ACTION ITEM
Records follow. Print exactly the lines from the one that has "купить наркотики цена" through the one that has "Qili Xiang Tianwen", inclusive, and omit the pictures.

RECORDS FOR THIS EXERCISE
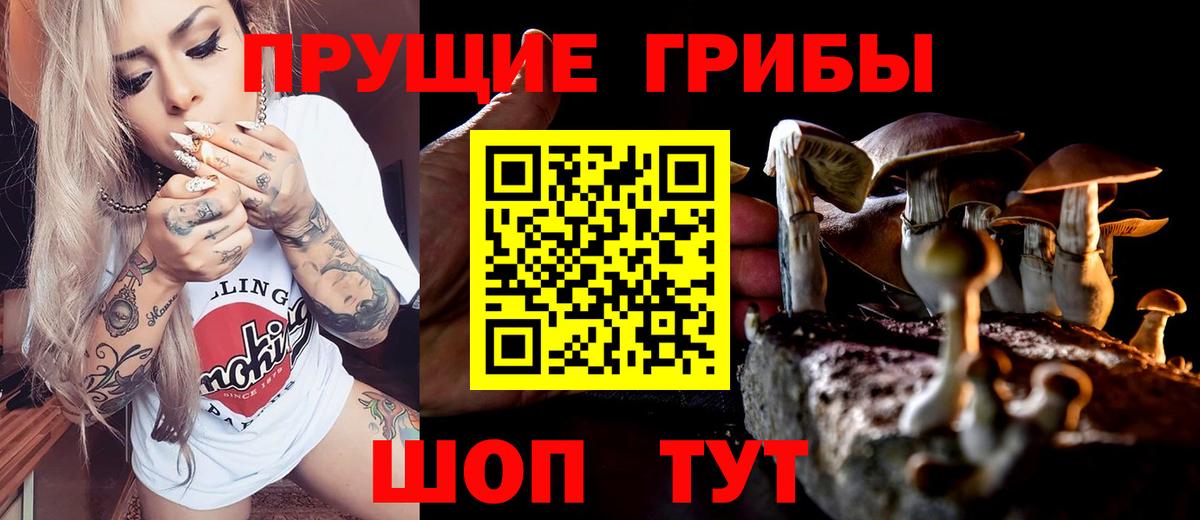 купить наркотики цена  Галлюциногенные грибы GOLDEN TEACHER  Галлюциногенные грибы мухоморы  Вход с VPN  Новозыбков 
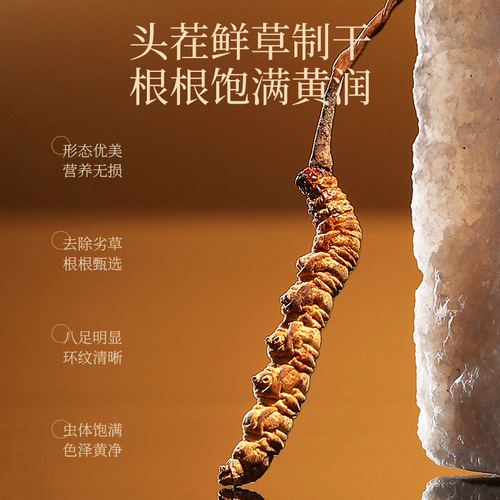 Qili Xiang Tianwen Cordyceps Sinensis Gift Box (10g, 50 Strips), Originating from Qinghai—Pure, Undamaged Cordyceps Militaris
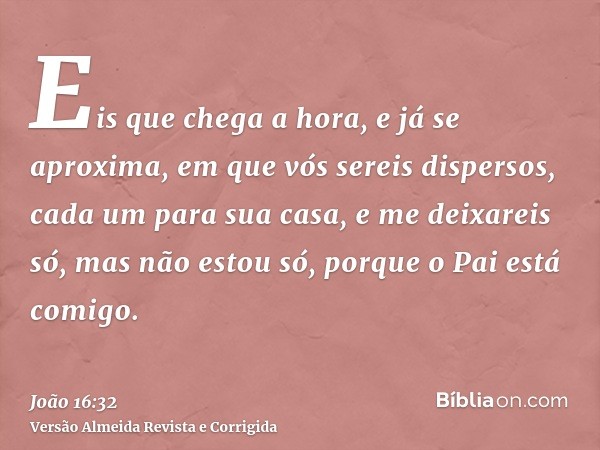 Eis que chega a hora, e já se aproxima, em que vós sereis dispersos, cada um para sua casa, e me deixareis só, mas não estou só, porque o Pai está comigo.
* * *
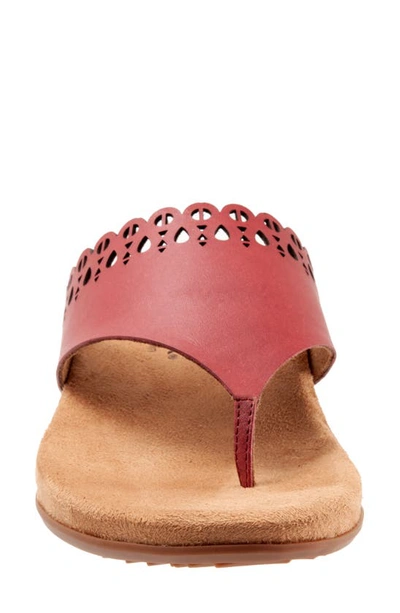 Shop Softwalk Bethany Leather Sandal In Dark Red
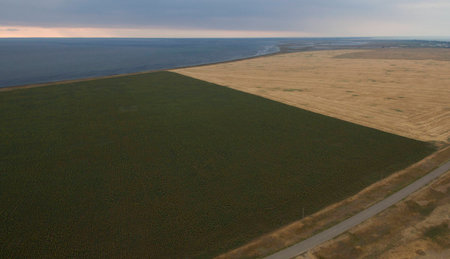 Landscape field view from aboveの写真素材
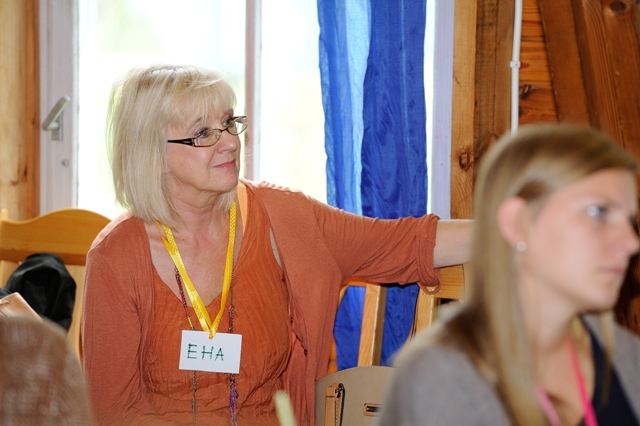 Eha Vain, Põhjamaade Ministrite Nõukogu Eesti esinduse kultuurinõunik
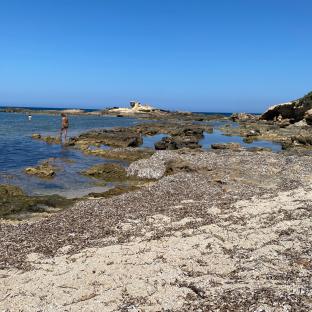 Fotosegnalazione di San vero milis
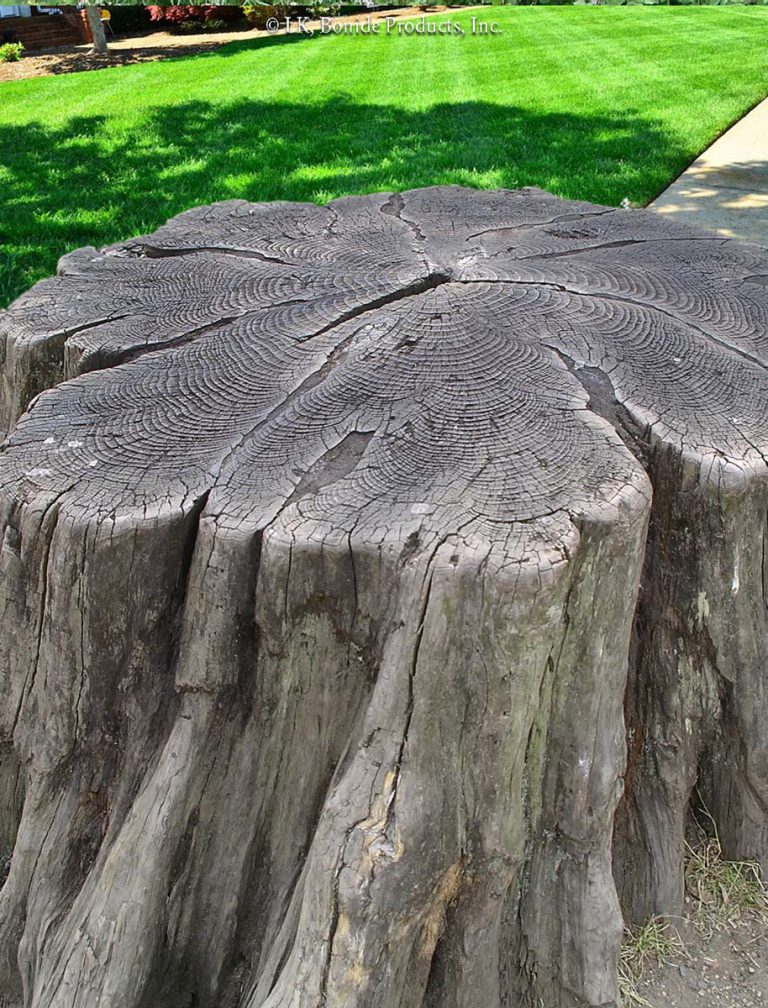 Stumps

TASK OUTPUT
 купить наркотики цена  Галлюциногенные грибы GOLDEN TEACHER  Галлюциногенные грибы мухоморы  Вход с VPN  Новозыбков 
 Qili Xiang Tianwen Cordyceps Sinensis Gift Box (10g, 50 Strips), Originating from Qinghai—Pure, Undamaged Cordyceps Militaris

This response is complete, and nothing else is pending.